Because the Vldlr is known to bind apoE but not apoB,16 we checked the distribution of these 2 apolipoproteins in fast protein liquid chromatography fractions (Supplemental Figure IV). We observed that apoE was present not only in VLDL but also in IDL/LDL fractions, thus supporting the hypothesis that Car-mediated induction of the Vldlr contributes to the TCPOBOP-mediated decrease in these lipoprotein fractions.

To test whether CAR/retinoid X receptor-heterodimers activate the mouse Vldlr promoter, we cloned fragments of the mouse Vldlr promoter into a pGL3 luciferase reporter vector. Although some induction was observed with Car/TCPOBOP conditions, no Car-responsive element could be characterized by mutagenesis. In addition, we could not find any evidence of Car binding to the proximal promoter of the Vldlr gene (data not shown). Based on these negative results, we searched for potential Car-binding elements in the genomic area near the Vldlr gene by chromatin immunoprecipitation sequencing in HepG2 cells, which express the murine form of CAR. With this approach, we were able to identify 3 Car-responsive elements located approximately 50 kbp upstream of the Vldlr gene in cells treated with TCPOBOP (Supplemental Figure V). Two of these elements (−51 and −57 kbp) were conserved in the mouse genome and were selected for luciferase reporter assay. For the first element (CARE1), the human sequence but not the mouse sequence induced luciferase activity in response to mouse Car. However, for the second element (CARE2), both the human and mouse sequences were fully responsive to Car/TCPOBOP conditions (Figure 3F), and mutation of the DR4 element (GGGTTAcacaAGGTCA to GGGTTAcacaATTTTT) totally abolished the response of the promoter construct to Car. Altogether, these data suggest that this element may act as an enhancer to stimulate mouse Vldlr expression in response to TCPOBOP treatment. Overall, these observations bring support to the hypothesis that TCPOBOP plays a role in increasing the catabolic pathway for the apoB-containing lipoproteins through the Car-mediated upregulation of Vldlr.
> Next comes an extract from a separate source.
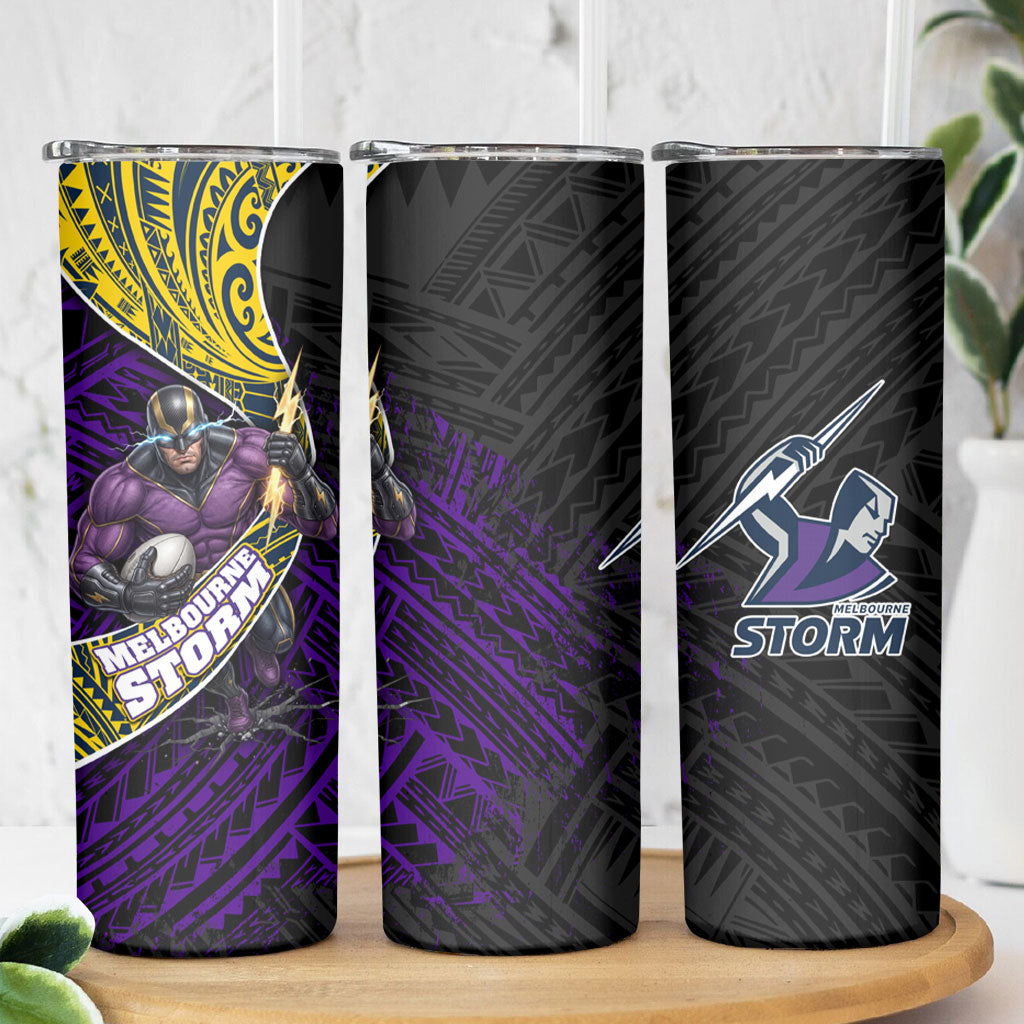 Melbourne Storm Rugby Skinny Tumbler Tribal Polynesian Power Art - Lightning Mascot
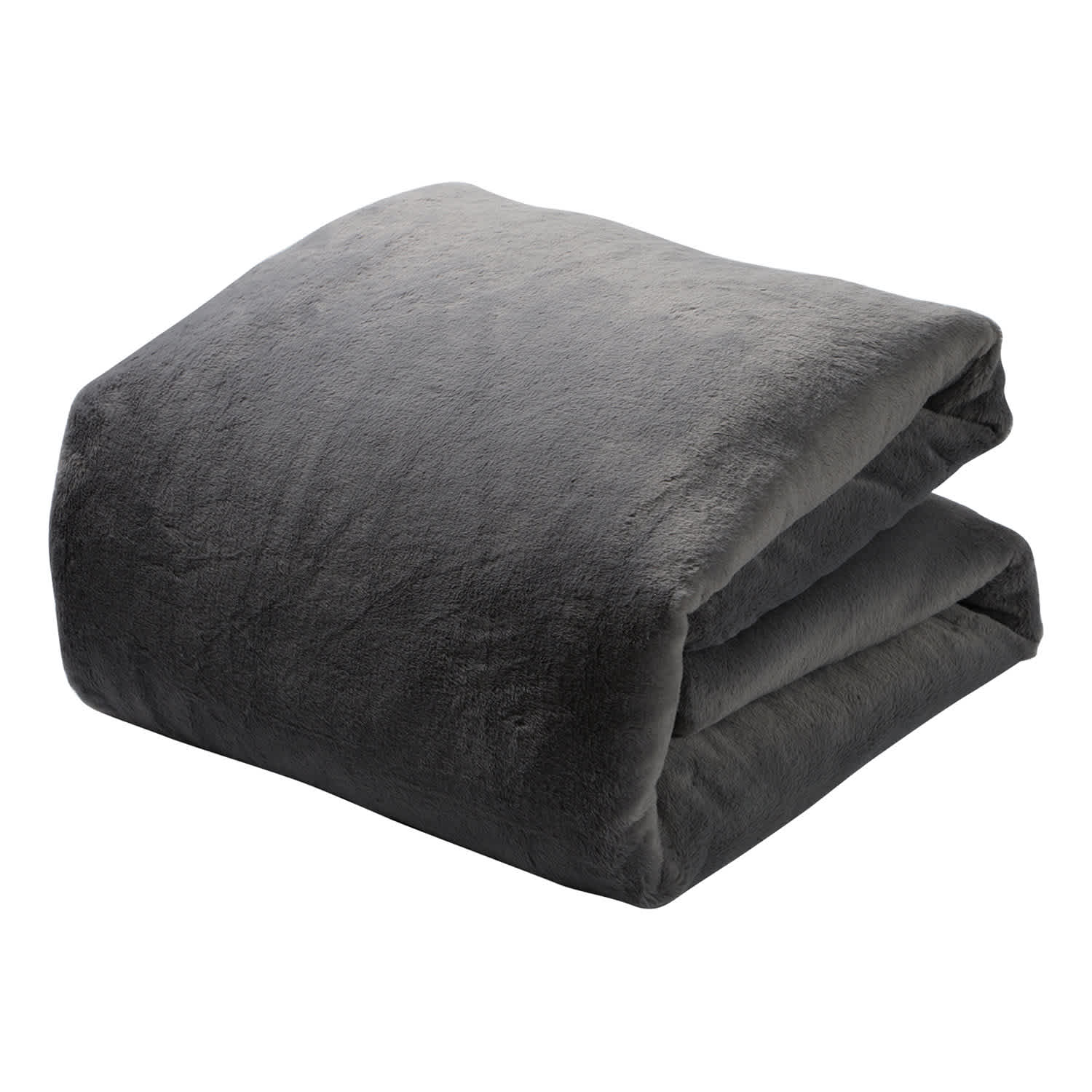 Honeybloom 3-Piece Dark Grey Faux Fur Comforter Set, Full/Queen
TCPOBOP Decreases Atherosclerotic Lesions in Ldlr−/− Mice

We sought to determine the consequences of TCPOBOP-mediated changes in plasma lipoprotein parameters on the susceptibility to atherosclerosis. After completion of the 8-week treatment period, the extent of atherosclerotic lesions was quantified on serial cryosections of the proximal aorta after Oil Red O staining. As shown in Figure 4A, the area of the atherosclerotic lesion in aortic valves was substantially smaller, approximately 60%, in TCPOBOP-treated animals than in controls, which received vehicle only. The immunohistological analysis of lesions revealed no major morphological differences between the 2 groups, in both cases with an accumulation of lipid-rich macrophages (Supplemental Figure VI).

Figure 4.

Figure 4

Quantification of atherosclerotic lesions of low-density lipoprotein receptor–deficient (Ldlr−/−) mice treated or not with 1,4-bis[2-(3,5-dichloropyridyloxy)]benzene (TCPOBOP) for 2 months. A, Quantification of atherosclerotic lesion area in the aortic valves. The areas stained with Oil Red O were quantified by color thresholding and are expressed as μm2 (n=10; *P<0.001 vs vehicle). B, Representative picture of Oil Red O–stained aortic valves. Lesions in aortic roots were stained with Oil Red O to detect the accumulation of lipids (left, control; right, TCPOBOP). Ten-week-old female mice were used for these experiments.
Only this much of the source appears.